The two recordings also present very interesting contrasts in performance. Huelgas is the first non-English choir to my knowledge to have devoted a disc to the Eton Choirbook. With 15 voices, it is smaller than the 33-voice complement of Christ Church and its upper voices are exclusively adult women save for a single countertenor, by contrast with Christ Church’s 14 boy trebles and four countertenor altos. Huelgas’s s appear to reflect the prescribed practice for the daily so-called Salve ceremony immediately after Vespers in fifteenth-century Eton College, when its 16 choristers and four singing clerks ( the clerici generosi) were required to sing polyphonic votive antiphon (or, during Lent, the Salve regina) before an image of the Blessed Virgin in the chapel.

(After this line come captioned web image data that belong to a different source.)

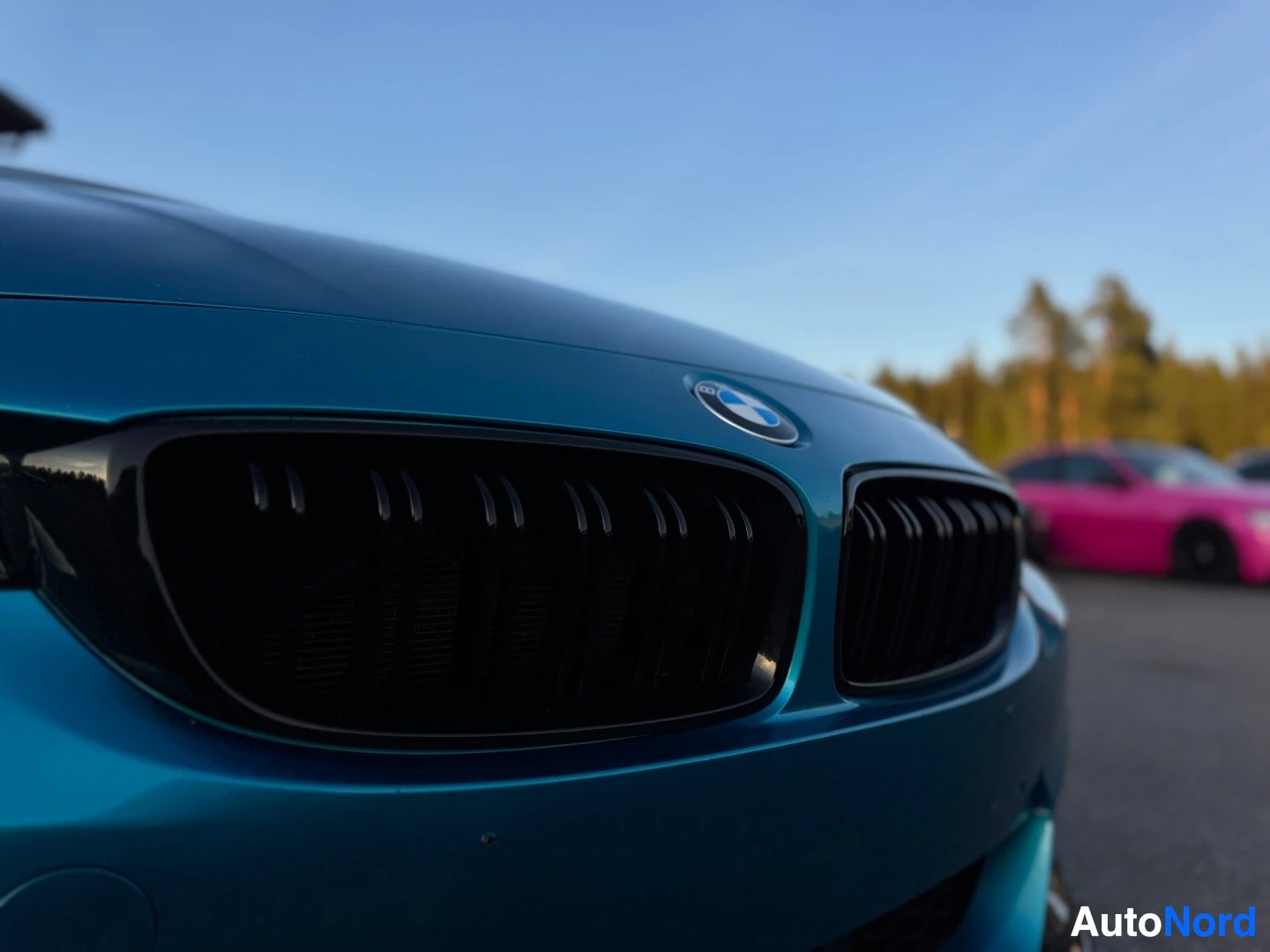 Yksityiskohta: Lähikuva turkoosin auton mustasta munuaissäleiköstä ja BMW-merkistä. Taustalla näkyy epätarkasti muita autoja ja puita.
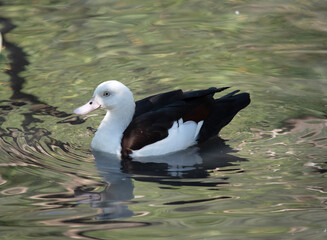 The Radjah Shelduck is white with a chestnut band across its chest. Its wingtips, back, rump and tail are black. It has a white eye with pink legs, feet and beak.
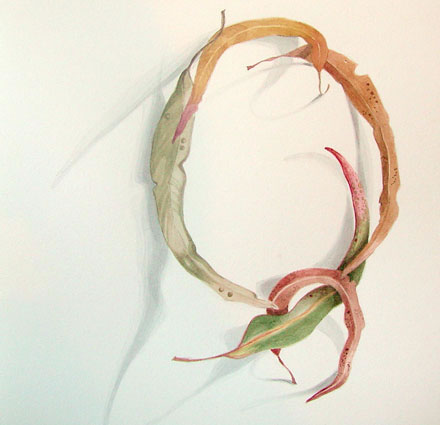 Artwork: Gum Leaves XVII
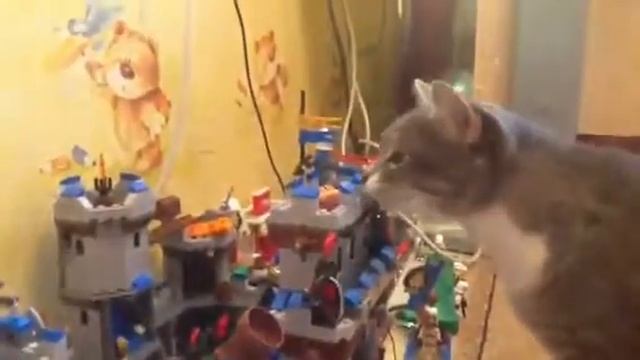 Кошка играет в lego смотреть онлайн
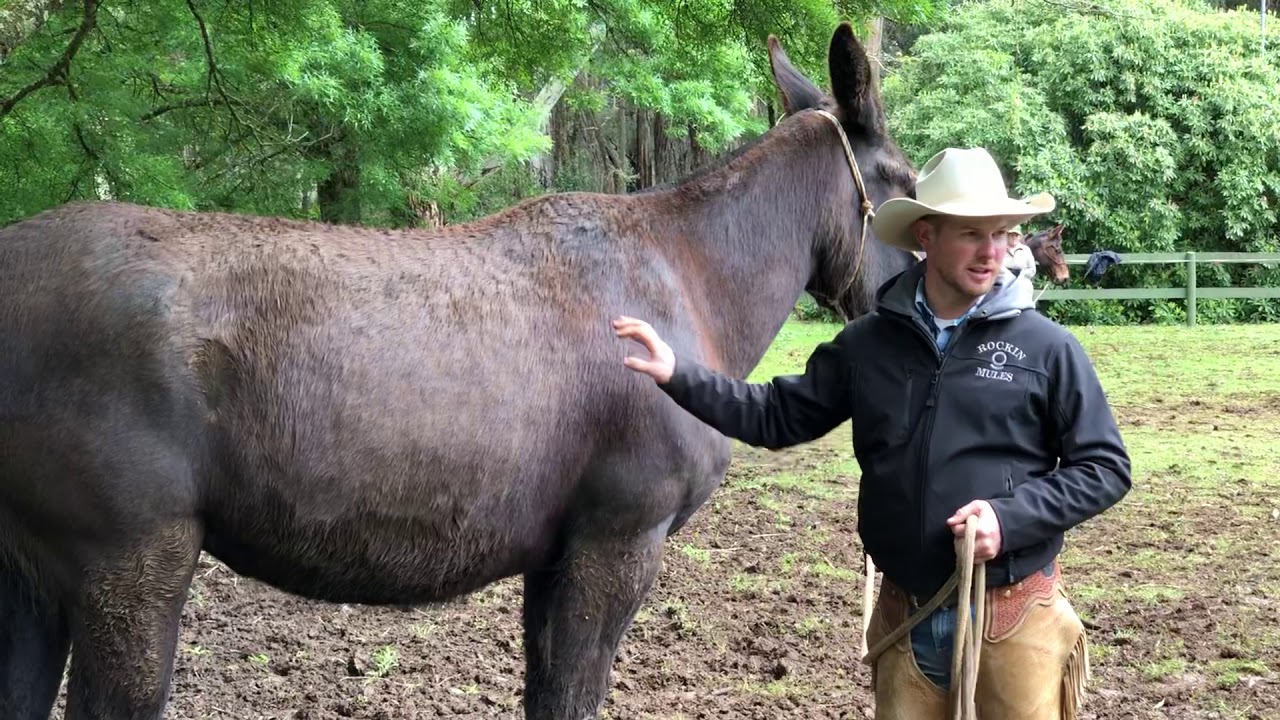 Troubled Mule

On the other hand, singers from among the College’s 70 scholars were sometimes required to reinforce the choristers and clerks, justifying Christ Church’s larger numbers.

The Europeans sing with perfect ensemble and full technical command of the music’s many intricacies, allied with a full-blooded warmth and electrifying energy that distinguishes them from the more rarified sounding English cathedral and college choirs. They also demonstrate the technical superiority of trained adult women over physically immature and comparatively less experienced boy choristers: the brilliant female sopranos render their long, soaring and intertwining melismatic excursions with effortless control and exhilarating muscularity. And yet, though sounding more delicately translucent and slightly less focused from top to bottom and despite slightly slower tempos, Christ Church proves again and again that its boys are up to the technical challenges thrown up by the music and it cedes nothing to Huelgas in the emotional depth of its readings. Just occasionally there are moments of weakness, but these are more often from the tenors and basses than the trebles, such as the brief wobbliness of the lower voices near the beginning of Richard Davy’s hitherto unrecorded Salve Jesu mater vera. These are only an insignificant blemish in the Choir’s otherwise superb tour de force under its insightful and disciplined director, Stephen Darlington. No such weaknesses appear in its performance of the longest work in the programme, the almost 21-minute-long O Maria plena gratia for six voices by one of Eton’s ‘in-house’ composers from 1467 and 1476, Walter Lambe (c. 1450-c. 1504), which the choir sings with unflagging radiance and poise.

Owing to the almost complete absence of overlap between the two discs, there is little need to choose between them: this is lucky because both deserve an ‘outstanding’ rating.